Ergebnisse: Die HFD über 15 Wochen führte zu einem deutlichen Anstieg des Körpergewichts mit ausgeprägter Akkumulation von viszeralem Fettgewebe (Körpergewicht 42,3±5,7 vs. 31,5±2,2 g, relative Gewichtszunahme 73,7±14,8 vs. 31,1±6,6 %, jeweils p<0,001). Die systolischen Blutdruckwerte waren in beiden Gruppen vergleichbar (100±5 vs. 102±8 mmHg, p=0,49). Die adipösen Tiere wiesen eine diastolische Dysfunktion bei erhaltener linksventrikulärer Ejektionsfraktion auf (E/e’ 41,6±16,6 vs. 24,8±6,0, p<0,01; isovolumetrische Relaxationszeit 19±4 vs. 14±4 ms, p<0,05). In der Speckle-tracking Echokardiographie zeigte sich ein reduzierter globaler longitudinaler Strain (-15,1±3,0 vs. -20,0±4,6 %, p=0,01), radiale und zirkumferenzielle Strain-Parameter waren unverändert. Histopathologisch fand sich kein Hinweis für eine Zellschädigung oder myokardiale Fibrosierung.
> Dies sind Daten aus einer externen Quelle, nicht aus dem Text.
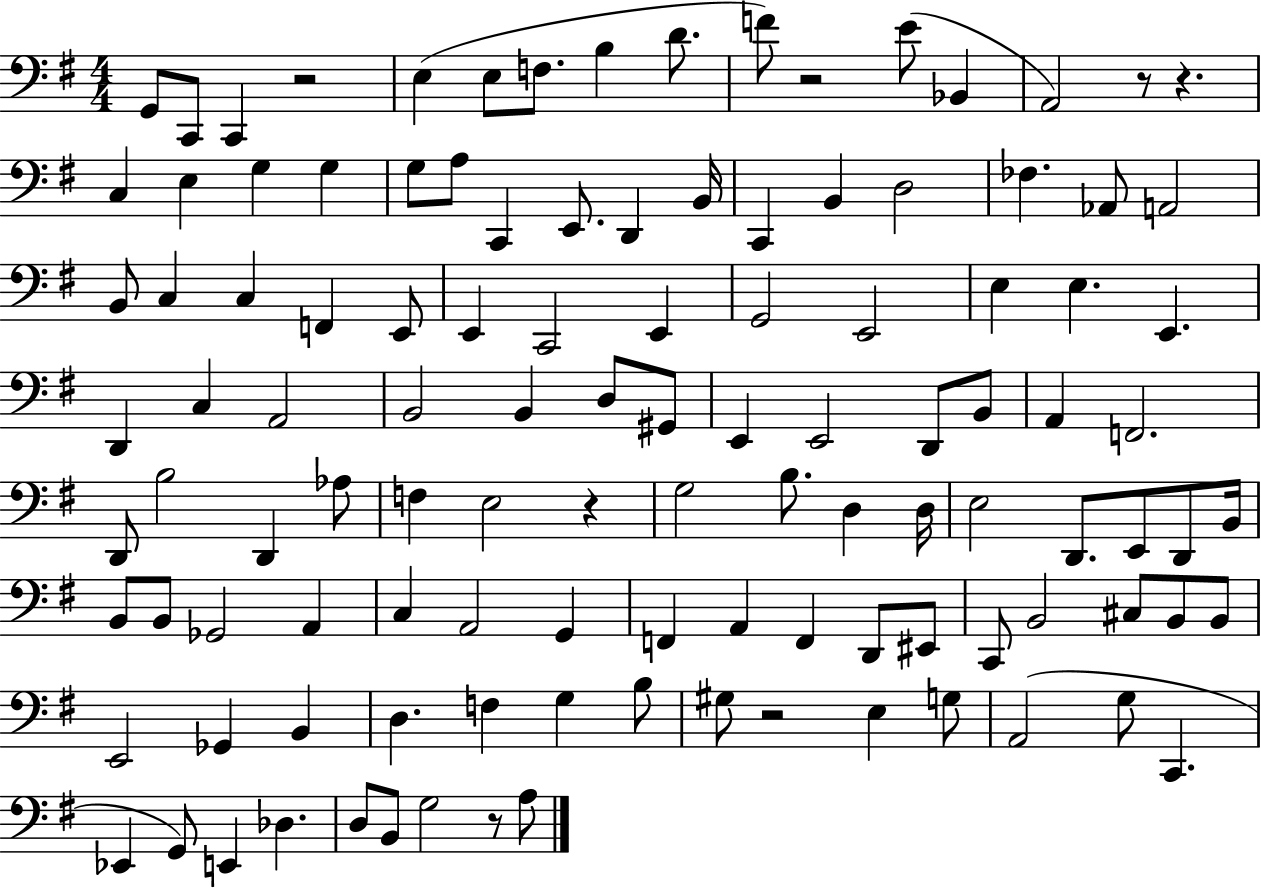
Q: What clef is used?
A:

Adipöse Tiere wiesen eine reduzierte mittlere Diffusivität subepikardial basal und apikal auf (Abbildung). Die fraktionelle Anisotropie war nicht verändert. Die Traktographie ergab keine Beeinträchtigung der dreidimensionalen Muskelfaseranordnung, Helix- und Sheetlet-Winkel unterschieden sich nicht zwischen den beiden Gruppen.

 

Schlussfolgerungen: Das Modell der HFD-induzierten Adipositas-Kardiomyopathie rekapituliert zahlreiche Charakteristika von fettleibigen Patient:innen. Das Modell weist Veränderungen der myokardialen Diffusionseigenschaften auf, die als potenzielle diagnostische Marker dienen könnten. Die dreidimensionale Muskelfaserarchitektur des linken Ventrikels bleibt unter diesen Bedingungen unbeeinträchtigt.
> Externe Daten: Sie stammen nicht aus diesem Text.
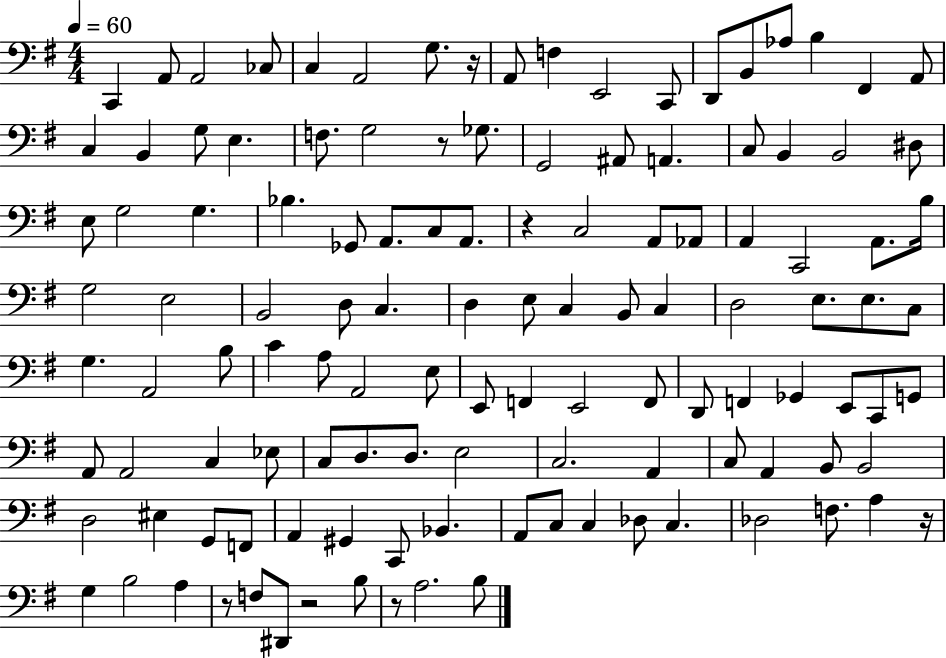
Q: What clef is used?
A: bass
Abbildung: Analyse der myokardialen Diffusionseigenschaften. (A) Traktographie eines Herzens der Kontroll- (oberes Panel) und HFD-Gruppe (unteres Panel). 25.000 Fasertrakte wurden rekonstruiert und entsprechend der mittleren Diffusivität (MD) farbkodiert. (B) Statistische Analyse der subepikardialen MD.